Tuesday, September 6, 2016

Bulletproofing your Sitecore Solr and SolrCloud Configurations

Standard

Solr and SolrCloud 

As we know, Sitecore supports both Lucene and Solr search engines. However, there are some compelling reasons to use Solr instead of Lucene that are covered in this article: https://doc.sitecore.net/sitecore_experience_platform/setting_up__maintaining/search_and_indexing/indexing/using_solr_or_lucene

Solr has been the search engine choice for all of my 8.x projects over the last few years and I have recently configured SolrCloud for one of my clients where fault tolerance and high availability was an immensely important requirement.

Although I am a big fan of SolrCloud, it is important to note that Sitecore doesn't officially support SolrCloud yet. For more details, see this KB article: https://kb.sitecore.net/articles/227897.

So, should SolrCloud still be considered in your architecture?

My answer to this question is YES!

My reasoning is that members of Sitecore's Technical and Professional Services Team, have implemented a very stable patch to support SolrCloud that has been tested and used in production by extremely large scale SolrCloud implementations. More about this later.

In addition, if you are running xDB, your Analytics index will get very large over time, and the only way to handle this is to break it up unto multiple shards. SolrCloud is needed to handle this.

The Quest to Keep Solr Online 

One of our high traffic clients running xDB started having Solr issues recently and this sparked my research and work with the Sitecore Technical Services team to obtain a patch to keep Sitecore running if Solr was having issues.

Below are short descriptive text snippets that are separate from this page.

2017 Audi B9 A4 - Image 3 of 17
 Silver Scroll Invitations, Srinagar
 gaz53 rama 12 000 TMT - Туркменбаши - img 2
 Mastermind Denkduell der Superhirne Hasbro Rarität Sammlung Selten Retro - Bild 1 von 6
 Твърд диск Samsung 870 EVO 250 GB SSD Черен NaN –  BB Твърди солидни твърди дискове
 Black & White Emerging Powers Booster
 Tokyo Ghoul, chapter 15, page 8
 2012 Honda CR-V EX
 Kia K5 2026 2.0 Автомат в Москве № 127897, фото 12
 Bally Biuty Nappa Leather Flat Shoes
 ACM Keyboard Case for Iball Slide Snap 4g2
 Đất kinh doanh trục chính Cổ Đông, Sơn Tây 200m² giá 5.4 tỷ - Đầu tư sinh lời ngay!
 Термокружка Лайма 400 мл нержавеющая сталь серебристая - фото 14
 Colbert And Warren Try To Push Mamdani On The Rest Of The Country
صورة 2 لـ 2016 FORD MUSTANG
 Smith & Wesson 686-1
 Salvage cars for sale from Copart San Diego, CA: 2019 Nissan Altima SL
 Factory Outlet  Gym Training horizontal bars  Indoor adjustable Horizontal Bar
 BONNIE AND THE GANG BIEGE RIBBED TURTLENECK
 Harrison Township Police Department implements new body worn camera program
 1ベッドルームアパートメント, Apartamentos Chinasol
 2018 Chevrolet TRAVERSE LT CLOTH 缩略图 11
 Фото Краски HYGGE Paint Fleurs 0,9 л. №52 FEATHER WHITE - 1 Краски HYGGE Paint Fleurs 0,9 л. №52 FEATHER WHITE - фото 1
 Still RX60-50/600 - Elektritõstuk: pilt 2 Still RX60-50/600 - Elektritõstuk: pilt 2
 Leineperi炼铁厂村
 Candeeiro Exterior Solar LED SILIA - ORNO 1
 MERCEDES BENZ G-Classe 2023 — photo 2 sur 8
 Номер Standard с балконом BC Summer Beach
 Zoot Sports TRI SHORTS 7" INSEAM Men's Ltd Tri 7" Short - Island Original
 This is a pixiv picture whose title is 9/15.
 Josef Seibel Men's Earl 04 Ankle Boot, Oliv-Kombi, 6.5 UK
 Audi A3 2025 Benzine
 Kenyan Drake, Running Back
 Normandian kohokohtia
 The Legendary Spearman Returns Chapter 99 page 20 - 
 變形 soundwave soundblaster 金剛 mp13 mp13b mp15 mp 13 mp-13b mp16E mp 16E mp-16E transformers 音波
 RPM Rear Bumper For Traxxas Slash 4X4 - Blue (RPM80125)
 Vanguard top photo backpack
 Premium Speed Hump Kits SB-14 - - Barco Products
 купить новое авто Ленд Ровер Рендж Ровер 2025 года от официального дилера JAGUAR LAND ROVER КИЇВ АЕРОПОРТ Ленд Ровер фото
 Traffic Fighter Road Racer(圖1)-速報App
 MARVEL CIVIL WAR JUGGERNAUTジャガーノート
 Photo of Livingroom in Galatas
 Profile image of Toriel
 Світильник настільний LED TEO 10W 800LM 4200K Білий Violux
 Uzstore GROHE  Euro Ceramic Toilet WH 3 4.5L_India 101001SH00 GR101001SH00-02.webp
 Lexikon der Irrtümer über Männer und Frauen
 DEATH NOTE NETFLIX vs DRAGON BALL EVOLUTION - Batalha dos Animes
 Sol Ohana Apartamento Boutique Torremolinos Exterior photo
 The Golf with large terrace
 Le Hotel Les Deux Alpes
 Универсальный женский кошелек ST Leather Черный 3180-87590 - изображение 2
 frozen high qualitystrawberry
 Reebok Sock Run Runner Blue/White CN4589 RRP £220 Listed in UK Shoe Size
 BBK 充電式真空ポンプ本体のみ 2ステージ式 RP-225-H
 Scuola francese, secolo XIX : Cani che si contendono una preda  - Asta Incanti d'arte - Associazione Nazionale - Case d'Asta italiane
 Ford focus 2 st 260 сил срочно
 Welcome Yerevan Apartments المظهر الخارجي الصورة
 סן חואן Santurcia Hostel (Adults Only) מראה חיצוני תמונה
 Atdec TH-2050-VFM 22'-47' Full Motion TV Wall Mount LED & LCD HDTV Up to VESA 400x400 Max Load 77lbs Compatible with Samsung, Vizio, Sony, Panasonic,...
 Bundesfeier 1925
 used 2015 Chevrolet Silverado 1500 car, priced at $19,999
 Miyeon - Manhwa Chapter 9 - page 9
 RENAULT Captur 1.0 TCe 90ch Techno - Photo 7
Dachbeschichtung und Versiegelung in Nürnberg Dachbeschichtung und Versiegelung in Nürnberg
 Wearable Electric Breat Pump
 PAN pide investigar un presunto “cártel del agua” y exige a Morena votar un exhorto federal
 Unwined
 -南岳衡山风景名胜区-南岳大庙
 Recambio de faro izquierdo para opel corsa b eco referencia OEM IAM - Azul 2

As a side note; the issues that we started seeing were related to the Analytics index getting pounded. The most common error that we saw was the following:

 ERROR <!DOCTYPE HTML PUBLIC "-//IETF//DTD HTML 2.0//EN">  
 <html><head>  
 <title>502 Proxy Error</title>  
 </head><body>  
 <h1>Proxy Error</h1>  
 <p>The proxy server received an invalid  
 response from an upstream server.<br />  
 The proxy server could not handle the request <em><a href="/solr/sitecore_analytics_index/select">GET&nbsp;/solr/sitecore_analytics_index/select</a></em>.<p>  
 Reason: <strong>Error reading from remote server</strong></p></p>  
 </body></html>  

This only popped up after running xDB for several months, as our analytics index started getting fairly large. Definitively something to keep in mind when you are planning for growth, and as mentioned above, why SolrCloud is the best option for a large-scale, enterprise Sitecore search configuration.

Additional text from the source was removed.